Jezus nie wstąpił na tron Dawidowy przy swoim pierwszym przyjściu. Ten szczegół w planie Bożym miał mieć miejsce przy Jego wtórej obecności, gdy powróci, aby ustanowić swoje Królestwo. Wierzymy, że teraz żyjemy w czasie Jego wtórej obecności i że to wyjaśniają słowa użyte w poprzednio cytowanym proroctwie, w którym Pan mówi odnośnie Izraelitów: „w popędliwości wylanej będę królował nad wami”.
W starożytnych czasach Bóg rządził Izraelem przez Dawida, Salomona i innych, lecz teraz czyni to poprzez swego Pomazanego Syna, Króla Jezusa. I jednym z pierwszych celów swego rządzenia jest zgromadzenie Jego ludu spośród narodów do Ziemi Obiecanej. I – jak widzieliśmy – wiele było „popędliwości” związanej z tą Boską interwencją dla dobra hebrajskiego ludu.

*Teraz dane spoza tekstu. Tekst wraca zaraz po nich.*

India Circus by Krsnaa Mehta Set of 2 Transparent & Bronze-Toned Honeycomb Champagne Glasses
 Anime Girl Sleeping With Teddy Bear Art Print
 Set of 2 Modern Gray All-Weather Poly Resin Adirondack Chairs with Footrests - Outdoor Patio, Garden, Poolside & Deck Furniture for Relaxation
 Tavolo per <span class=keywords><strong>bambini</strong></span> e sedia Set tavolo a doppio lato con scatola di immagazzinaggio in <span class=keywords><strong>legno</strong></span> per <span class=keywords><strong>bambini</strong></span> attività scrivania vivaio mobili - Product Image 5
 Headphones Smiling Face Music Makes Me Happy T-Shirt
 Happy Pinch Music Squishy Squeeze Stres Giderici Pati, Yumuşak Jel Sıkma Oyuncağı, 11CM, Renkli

Przez proroka Jeremiasza Pan daje nam inne proroctwo dotyczące ponownego zgromadzenia Izraela wykazując, że to wielkie zdarzenie w planie Bożym miało nastąpić w związku z inauguracją Mesjańskiego Królestwa Chrystusa. Cytujemy. „A ostatek owiec moich Ja zgromadzę ze wszystkich ziem, do których je rozegnałem, i przywrócę je do obór ich, gdzie się rozpłodzą i rozmnożą. Nadto postanowię nad nimi pasterzy (możliwy odnośnik do Starożytnych Godnych, którzy będą książętami na całej ziemi), którzy by je paśli, aby się więcej nie lękały ani strachały, i żeby ich nie ubywało, mówi Pan. Oto idą dni, mówi Pan, których wzbudzę Dawidowi latorośl sprawiedliwą i będzie królował król, a poszczęści mu się; sąd zaiste i sprawiedliwość będzie czynił na ziemi. Za dni jego Juda zbawiony będzie, a Izrael bezpiecznie mieszkać będzie; a toć jest imię jego, którem go zwać będą: Pan sprawiedliwość nasza. Przetoż oto przychodzą dni, mówi Pan, których nie rzeką więcej: Jako żyje Pan, który wywiódł synów Izraelskich z ziemi Egipskiej. Ale: Jako żyje Pan, który wywiódł i który sprowadził nasienie domu Izraelskiego z ziemi północnej i ze wszystkich ziem, do których ich był rozegnał, gdyż będą mieszkać iv ziemi swojej” – Jer. 23:3-8.
To proroctwo również przedstawia Jezusa, sprawiedliwą latorośl Dawida, jako istotę mającą styczność z ponownym zgromadzeniem Izraela do ich ziemi. Jesteśmy także zapewnieni, że w końcu Izrael będzie zbawiony. W swoim wyjaśnieniu, dotyczącym czasu rehabilitacji Izraela, ap. Paweł mówi, że wtenczas „wszystek Izrael będzie zbawiony” i że wybawiciel Izraela „Przyjdzie z Syonu”. To jest tym wielkim celem w przywróceniu Izraela do Ziemi Obiecanej. Jest to celem Mesjańskiego Królestwa.
Hojne błogosławieństwa owego Królestwa będą zaofiarowane Izraelowi, a cała ludzkość będzie miała sposobność szybkiego otrzymania błogosławieństw. Przeto nasze zainteresowanie tym, co się dzieje obecnie w starożytnej Ziemi Świętej zasadza się na fakcie, że jest to jednym z dowodów, iż dawno obiecane błogosławieństwa Królestwa Chrystusowego wkrótce spłyną na ludzkość.